» Data provided:

◇ ◇ ◇

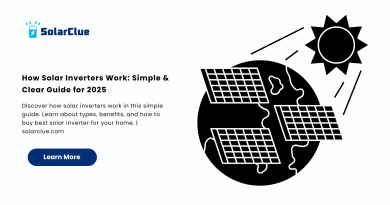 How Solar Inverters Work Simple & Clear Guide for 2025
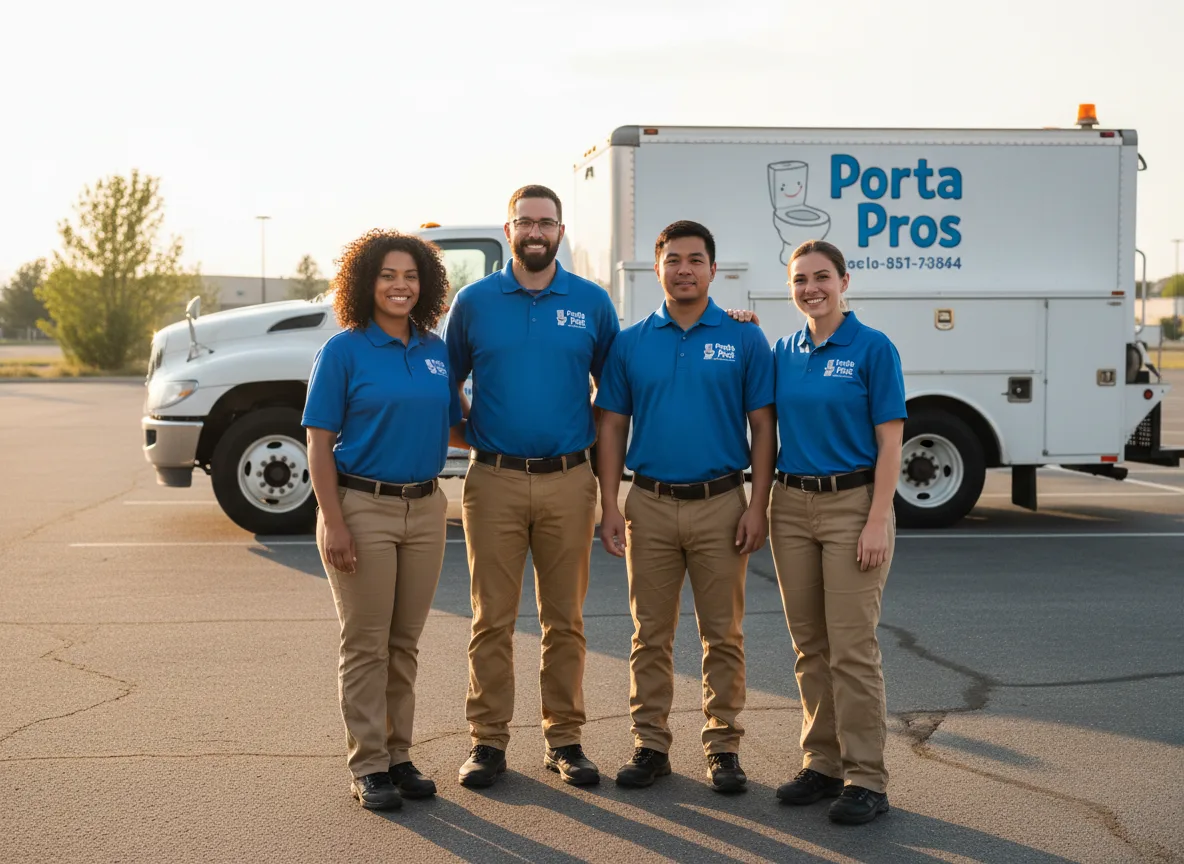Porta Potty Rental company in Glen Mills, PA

◇ ◇ ◇

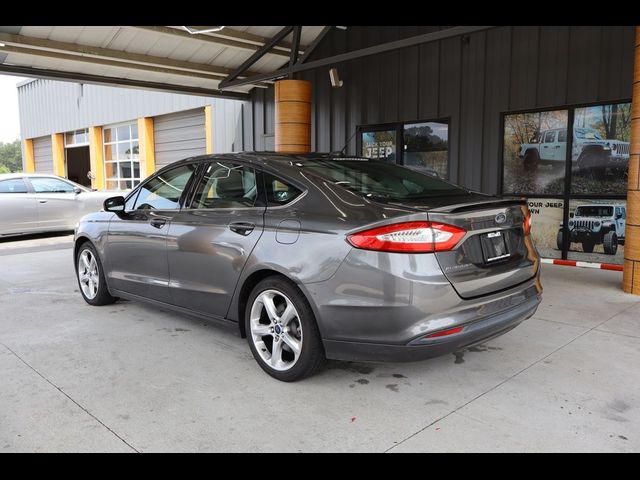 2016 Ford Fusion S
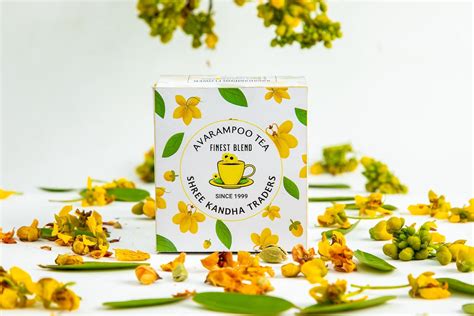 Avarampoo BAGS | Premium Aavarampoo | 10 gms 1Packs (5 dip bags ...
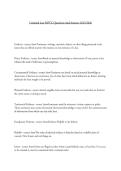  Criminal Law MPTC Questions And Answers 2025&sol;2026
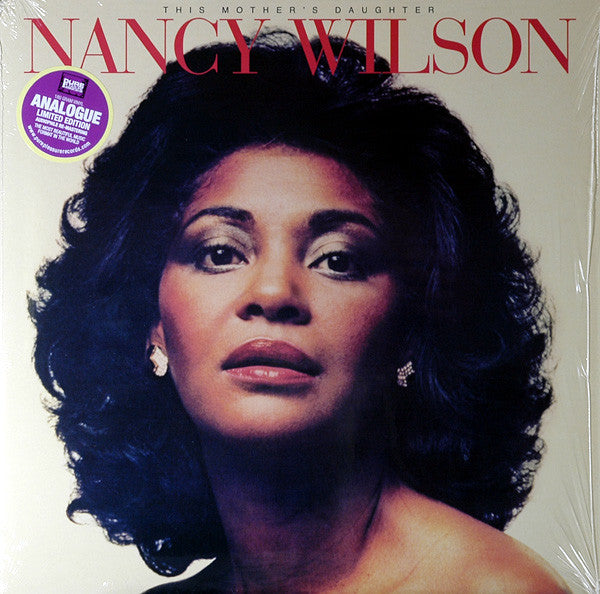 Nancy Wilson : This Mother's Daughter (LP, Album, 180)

◇ ◇ ◇

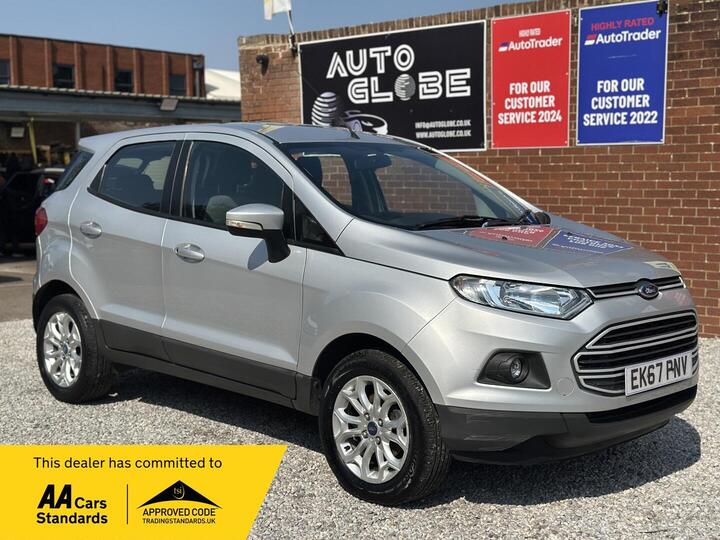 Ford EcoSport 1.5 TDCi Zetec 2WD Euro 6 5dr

◇ ◇ ◇

» Assigned task: Transcribe, from the material above, the stretch starting at the line with "How Solar Inverters" and ending at the line with "Porta Potty Rental company in Glen Mills, PA", both included, exactly. Do not carry over pictures.

» Result of this exercise:
 How Solar Inverters Work Simple & Clear Guide for 2025
Porta Potty Rental company in Glen Mills, PA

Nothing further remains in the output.